New York City (ANTARA) - Dua dekade setelah Amerika Serikat (AS) menginvasi Irak, 61 persen warga AS tidak berpendapat bahwa negara itu mengambil keputusan yang tepat dengan melakukan invasi tersebut, menurut jajak pendapat terbaru Axios/Ipsos.

"Kekacauan dan kehancuran yang diakibatkan oleh invasi tersebut membuat generasi masyarakat AS dan para pemimpin mereka menjadi lebih skeptis terhadap penggunaan kekuatan militer di luar negeri, khususnya di Timur Tengah," menurut laporan tentang jajak pendapat Axios yang diterbitkan pekan lalu.

Invasi itu menggulingkan seorang "diktator brutal", tetapi "memicu ketidakstabilan selama 20 tahun di Irak, serta merusak posisi AS di dunia," menurut laporan itu.

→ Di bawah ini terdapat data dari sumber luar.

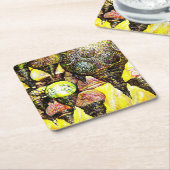 Een nog groter idee van kleur kartonnen onderzetters (Schuin)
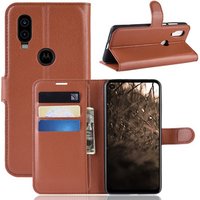 For Motorola Moto One Vision Case for Moto One Vision for Moto OneVision Flip Leather Wallet Case Silicone Protective Phone Case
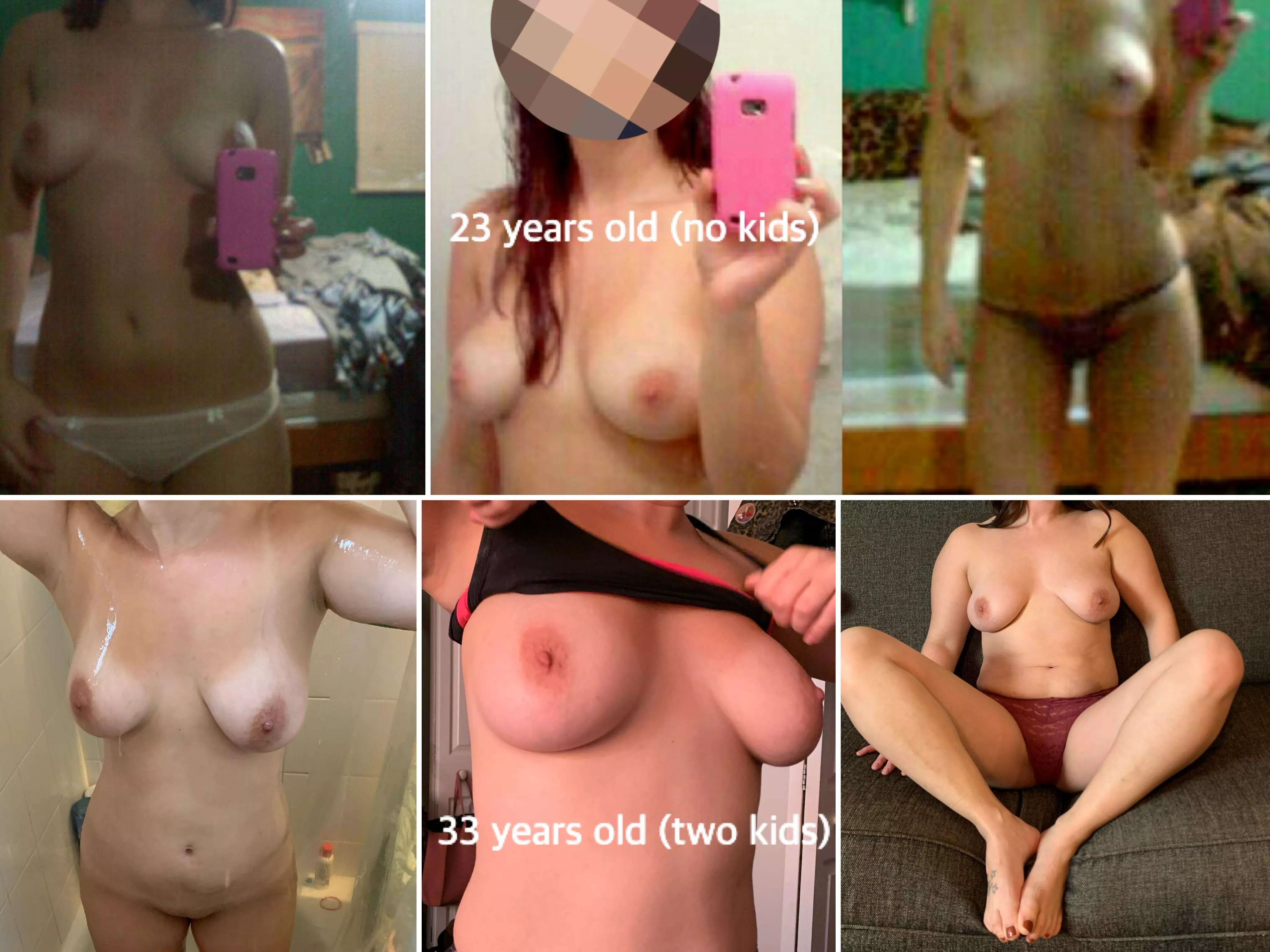 10 year challenge 🥰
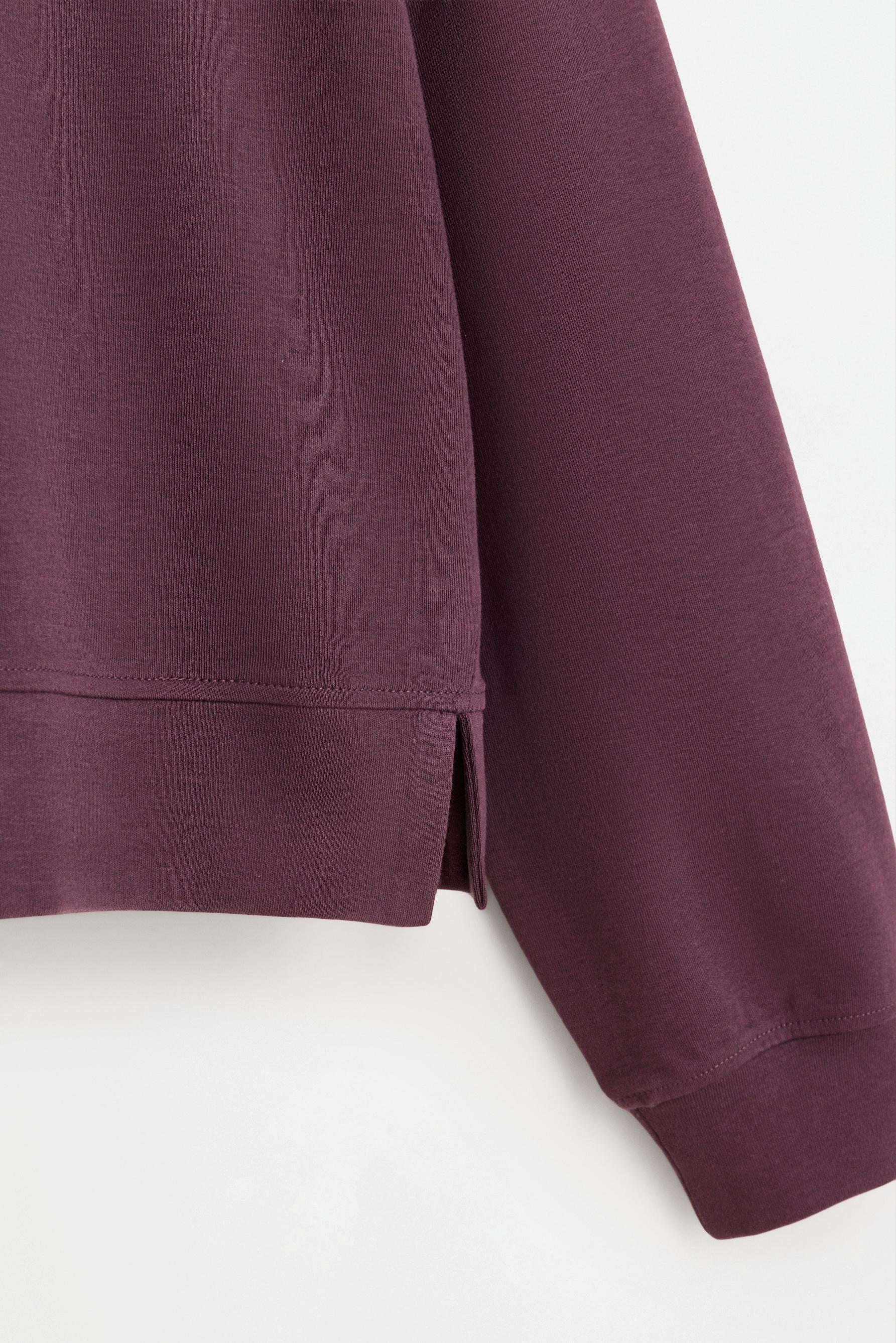 Interlock sweatshirt and flared leggings co-ord — PLUM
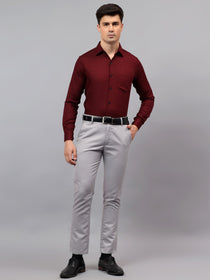 VORA LABEL Men Cotton Solid Regular Fit Casual Shirt - Black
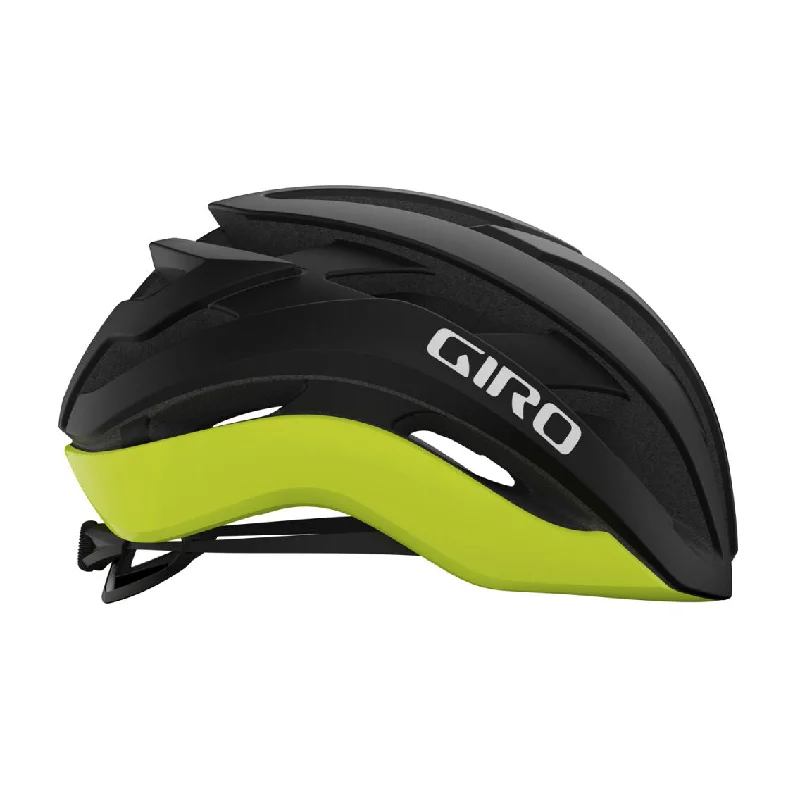 bicycle fenders installation guide-Giro Cielo MIPS Road Helmet - Matt Black-Highlight Yellow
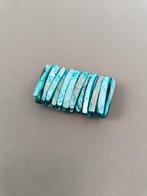 Turkoois-blauwe, elastische armband, Sieraden, Tassen en Uiterlijk, Armbanden, Ophalen of Verzenden, Zo goed als nieuw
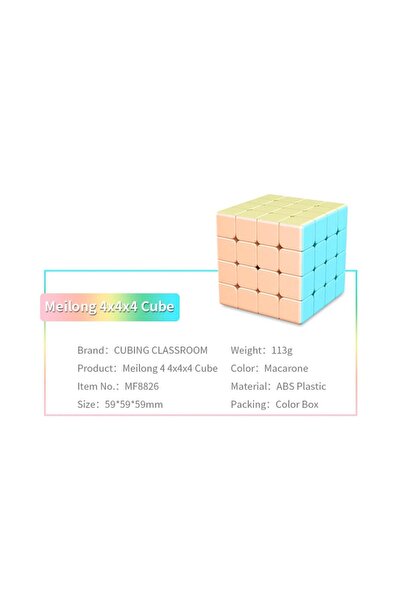 OEM Rubik's Cube 4x4x4 MoYu Mei-long Macarone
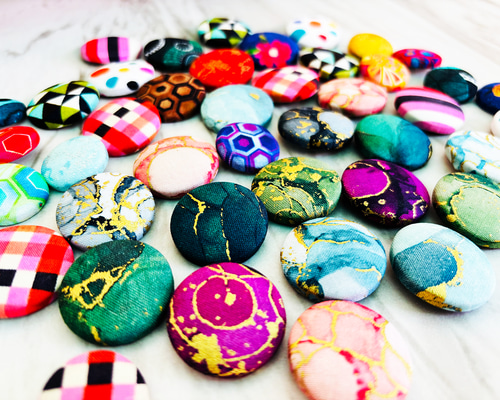 くるみボタン ランダム詰め合わせセット 10個入 (直径27mm) その他雑貨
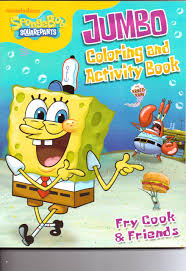 Print our free thanksgiving coloring pages to keep kids of all ages entertained this novem. Spongebob Squarepants Jumbo Coloring Activity Book Fry Cook Friends Krsty Krab 0805219175439 Amazon Com Books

Pada 17 Maret 2003, presiden AS saat itu, George W. Bush, mengeluarkan ultimatum bahwa negaranya akan mengambil tindakan militer jika Saddam Hussein, yang saat itu Presiden Irak, tidak meninggalkan Irak dalam kurun waktu 48 jam. Pada 19 Maret, bom mulai berjatuhan di Baghdad, dan pada 20 Maret, invasi darat pun dimulai.

Invasi tersebut sangat kontroversial di luar AS, tetapi saat itu sangat populer di negara tersebut. Jajak pendapat Pew pada Februari 2003 menemukan bahwa 66 persen warga AS menyetujui aksi militer tersebut dan hanya 26 persen yang tidak setuju.

Meski demikian, pemerintahan Bush menjustifikasi invasi tersebut dengan alasan bahwa Saddam Hussein memiliki senjata pemusnah massal, yang tidak pernah ditemukan.

Sebanyak 57 persen warga AS saat itu juga memercayai, secara keliru, bahwa Saddam Hussein berperan dalam serangan 11 September, menurut Pew.